[INSTRUCTIONS TO FOLLOW] When you copy the listing, reproduce each line as it appears and omit every image.

[EXERCISE DATA]
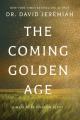  The Coming Golden Age: 31 Ways to be Kingdom Ready 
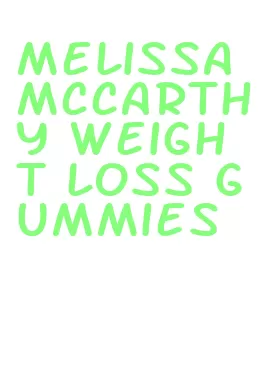 melissa mccarthy weight loss gummies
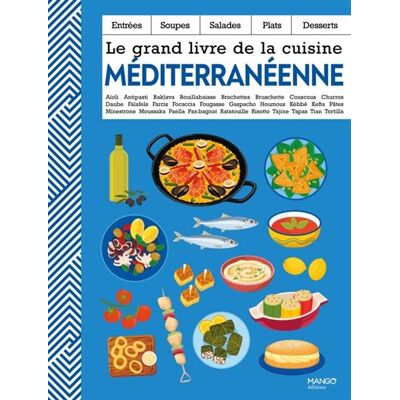 Mango LE GRAND LIVRE DE LA CUISINE MEDITERRANEENNE Mango LE GRAND LIVRE DE LA CUISINE MEDITERRANEENNE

[YOUR RESPONSE]
  The Coming Golden Age: 31 Ways to be Kingdom Ready 
 melissa mccarthy weight loss gummies
 Mango LE GRAND LIVRE DE LA CUISINE MEDITERRANEENNE Mango LE GRAND LIVRE DE LA CUISINE MEDITERRANEENNE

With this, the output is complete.